I tried this too...no success  :Sad: 

----------

## cach0rr0

id say without the ability to reboot from a cd/usb right now you're fairly stuck

can you reboot at all? If so, reboot to single user mode, make the requisite changes, reboot

----------

## LukynZ

That will be a little problem for me as I have timeout 0 in grub config  :Smile: 

----------

## BillWho

LukynZ,

 *Quote:*   

> Ok, there are new configs I didn't merge. However it shouldn't delete old at all.

 

Unfortunately, they're new files   :Sad: 

One option to pursue is to install the hd in a machine that can boot a live cd,  has linux installed, or connect it via a usb dongle.

Another option is ssh logon from another machine if you have ssh enabled on that machine.

Good luck   :Wink: 

----------

## painteru

had the same problem after update . It was pambase and shadow.

I had to re-emerge pam and now #su- works .

Well, to be sure, I re-emerged pambase & shadow, too before pam .
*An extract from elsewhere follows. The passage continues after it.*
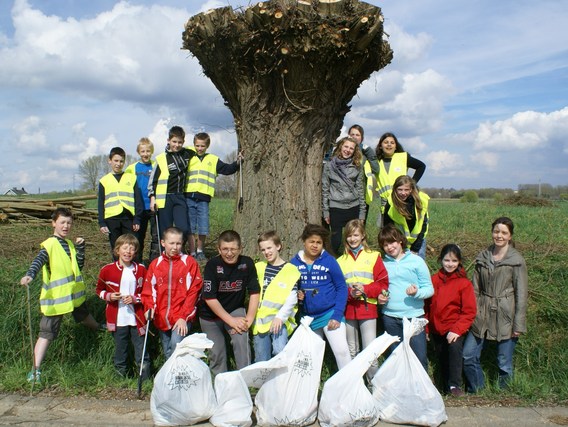 Zwerfvuilactie_kinderen_regenboog_-_deschuyffeleer__1_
Oh, but wait ! you can't log in as root. 

Well, press i at boot time and don't allow to start the xdm service so that X wont start. (I hope you had set this option in your kernel )

If you haven't the option of "press i" you can always use a livecd and then chroot.

----------

## LukynZ

Thanks for tips. Finally fixed by usb boot  :Smile: 

However I am still wondering how did this happen. Normally updated confings can't be deleted before merging new ones.

----------